INPUT section start
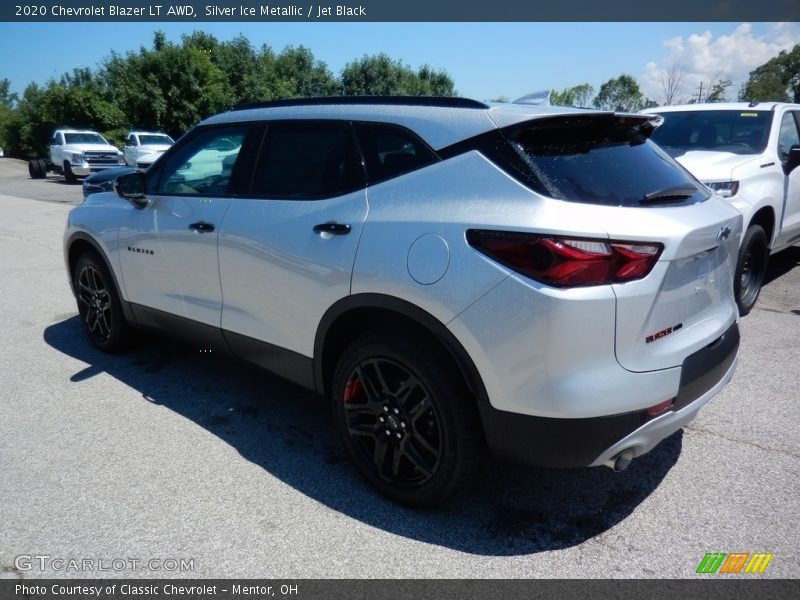 Silver Ice Metallic / Jet Black 2020 Chevrolet Blazer LT AWD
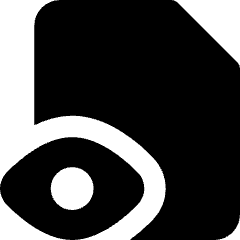 View Document Files Icon from Core Solid Set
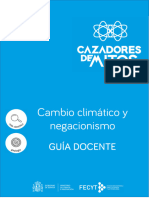 Guia Docente Reto Cambio Climatico y Negacioonismo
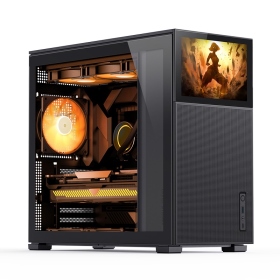 喬思伯 D41 Mesh SC螢幕版 黑 卡33/U16.8/8吋LCD/玻璃側板/ATX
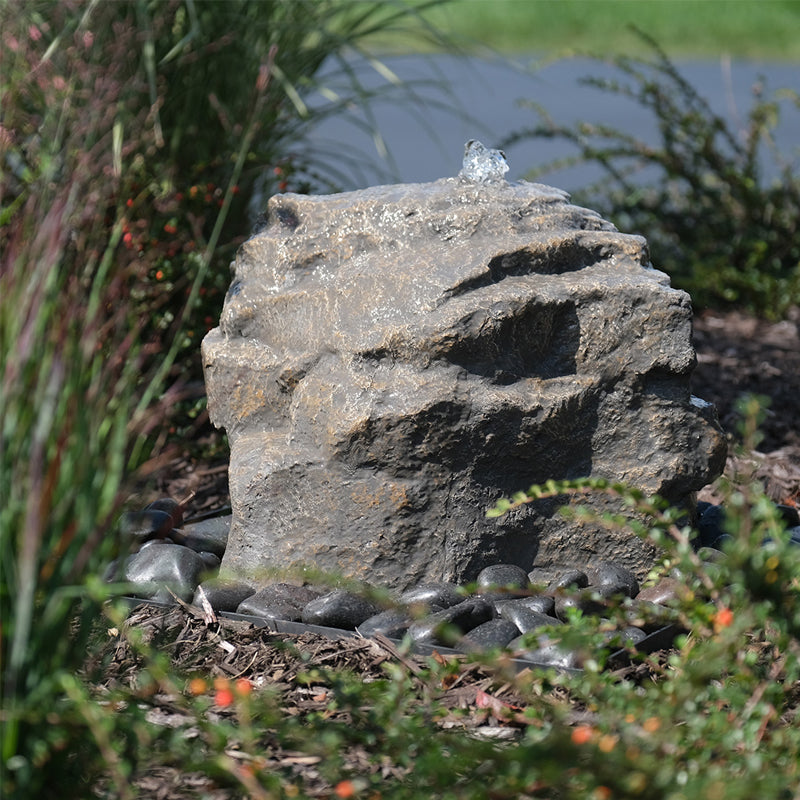 Mini Mountain Spring Stone Garden Fountain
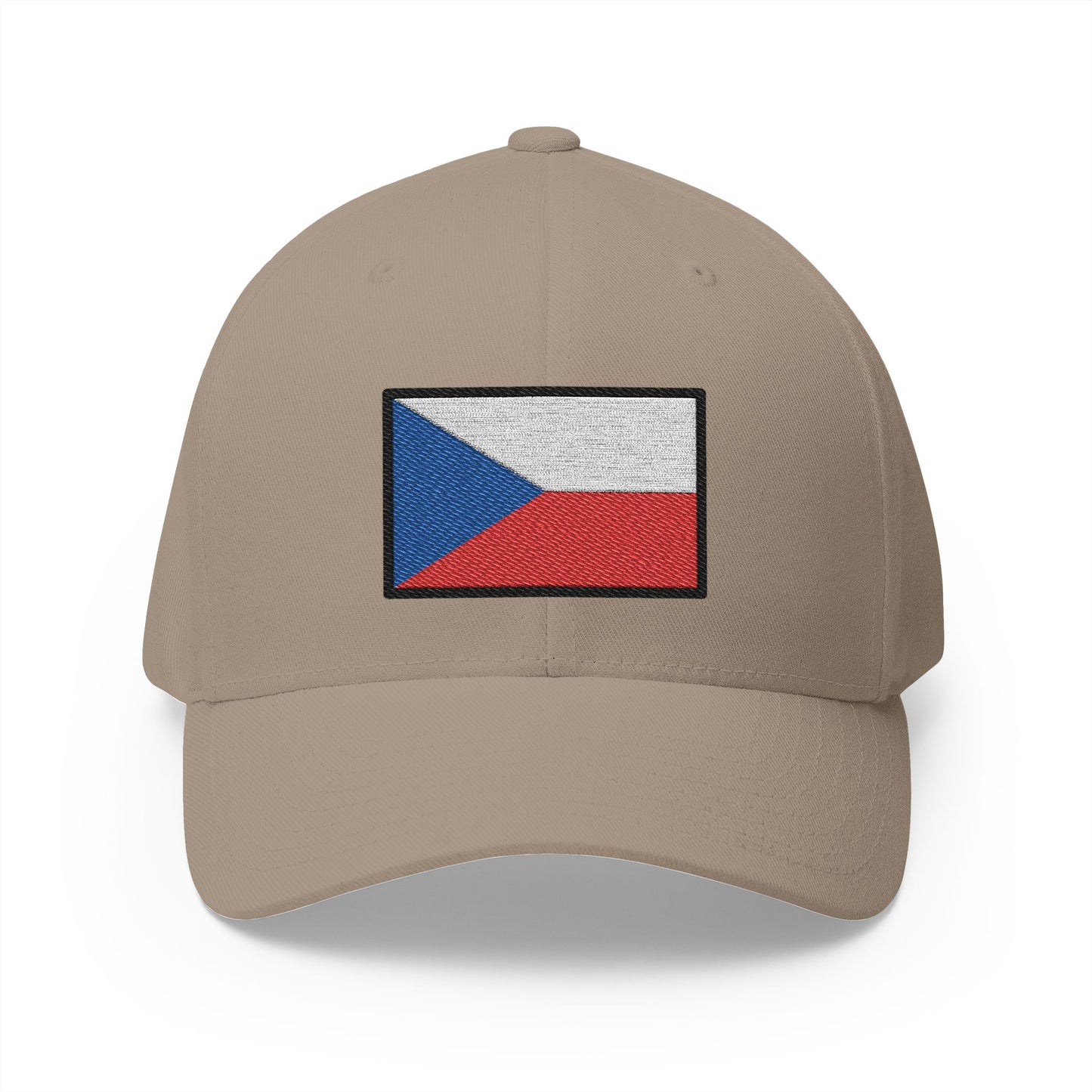 Flag: Czechia Emoji Khaki Cap – Premium by Capmoji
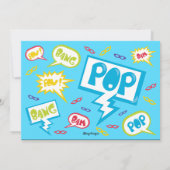 Het roepen van Alle Superhelden Uitnodiging van de (Achterkant)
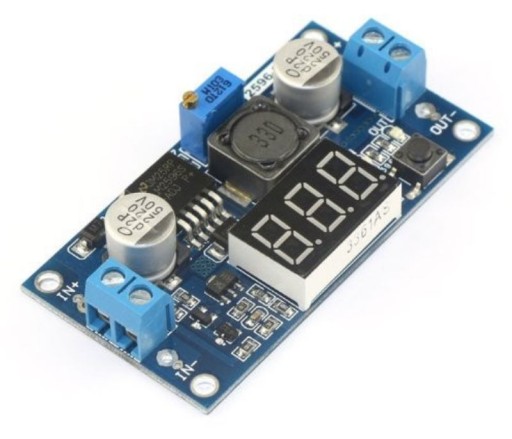 KROKOVÝ KONVERTOR 3-40V->1,5-35V 3A LM2596 S DISPLEJOM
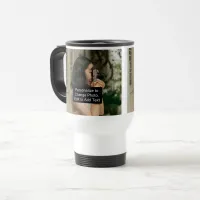 Custom Two Photos Artwork Slogan 15 oz White Travel Mug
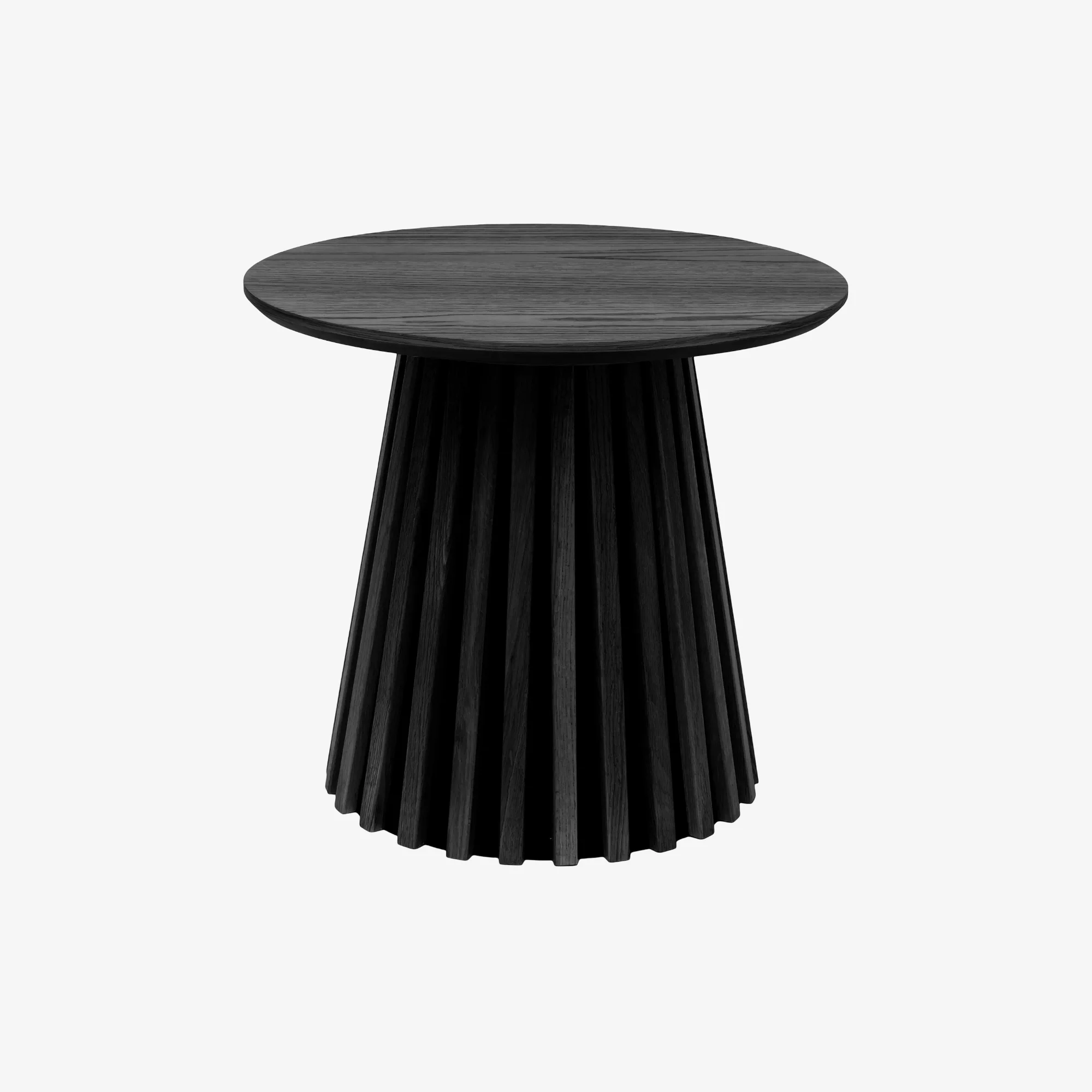 MIYIBA | שולחן צד עגול מעץ, קוטר 50 ס"מ - Image 4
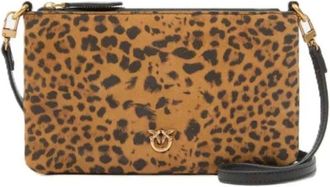 Pinko Pinko, Tassen, Dames, Veelkleurig, ONE Size, Leer, Click Soft Horizontal M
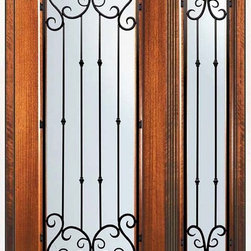 Prehung Sidelight Door 80 Wood Mahogany Valencia Full Lite - Front Doors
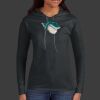 Ladies 100% Ring Spun Cotton Long Sleeve Hooded T Shirt Thumbnail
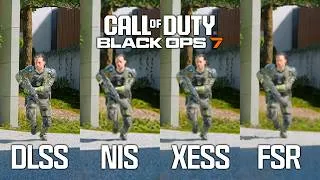 Thumbnail: Best Upscaling in BO7: DLSS vs FSR vs XESS vs NIS | Benchmarks & Quality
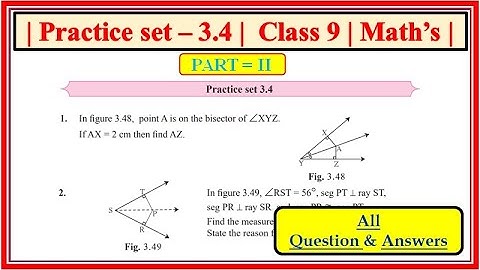 Practice set 3.4 class 9 maths part 2 | Chapter 3 Triangles | Maharashtra state board #class9th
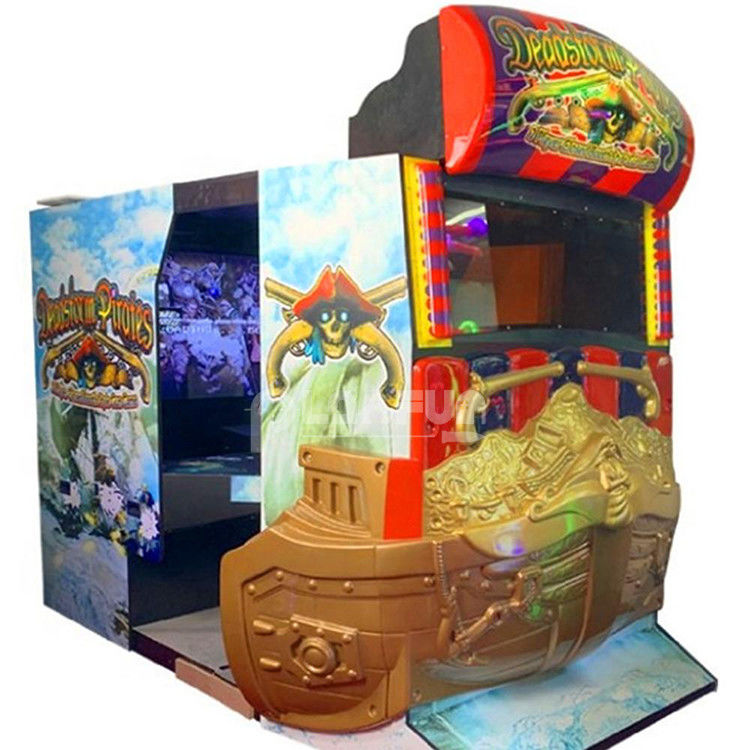 PlayFun Factory Directly Sale Amusement Park Mall Coin Operated 4 in 1 Firearms Shooting Arcade Video Game Machine for Kids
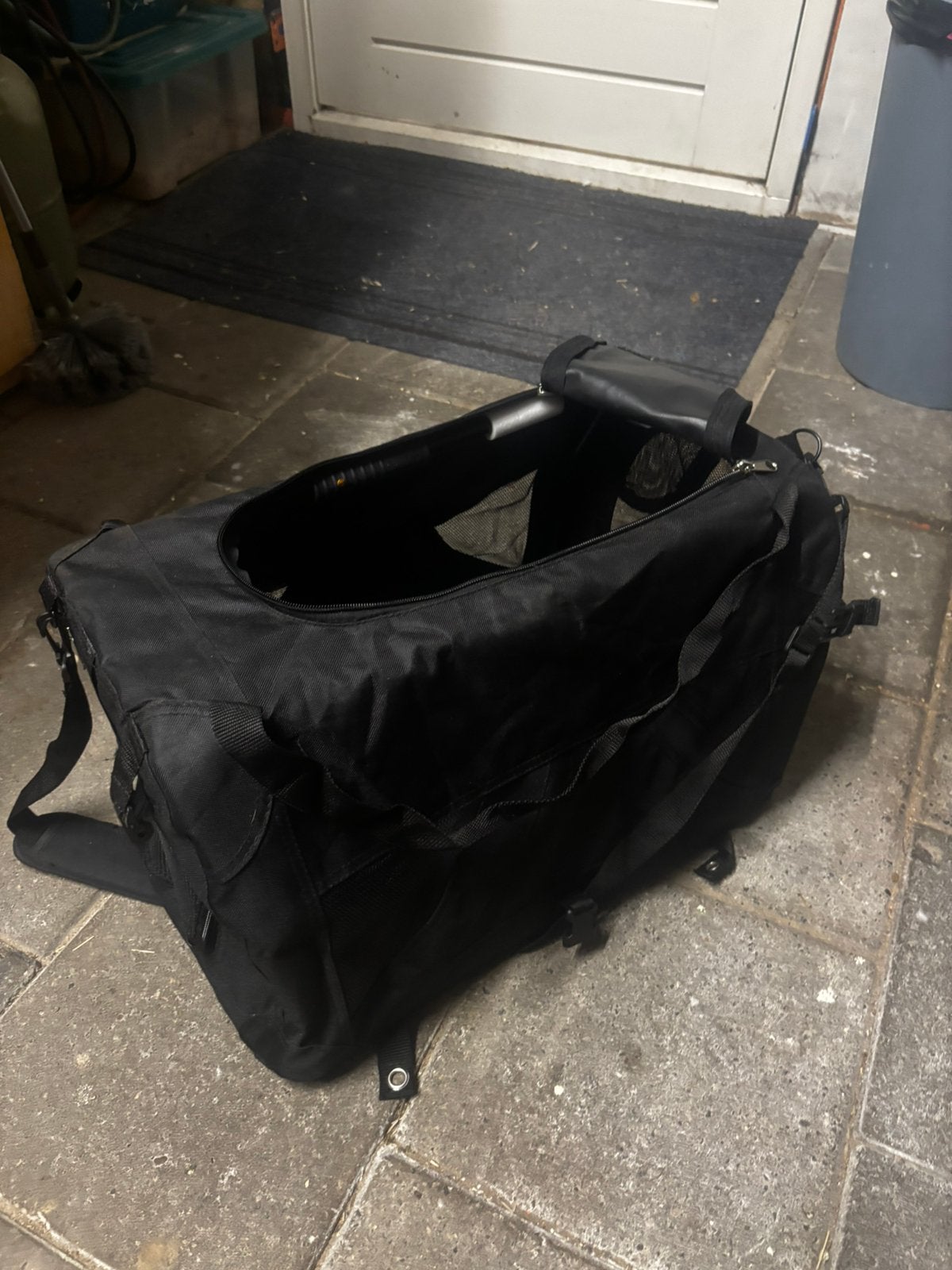 Opvouwbare hondentas kleine honden, 30 cm of meer, Zwart, Minder dan 35 cm, Ophalen of Verzenden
INPUT section end
TASK OBJECTIVE: Your copy should run from the line that has "Practice set 3.4" through the last line above, exactly, with both ends in and pictures out.

SOLVED PROBLEM:
 Practice set 3.4 class 9 maths part 2 | Chapter 3 Triangles | Maharashtra state board #class9th
 PlayFun Factory Directly Sale Amusement Park Mall Coin Operated 4 in 1 Firearms Shooting Arcade Video Game Machine for Kids
 Opvouwbare hondentas kleine honden, 30 cm of meer, Zwart, Minder dan 35 cm, Ophalen of Verzenden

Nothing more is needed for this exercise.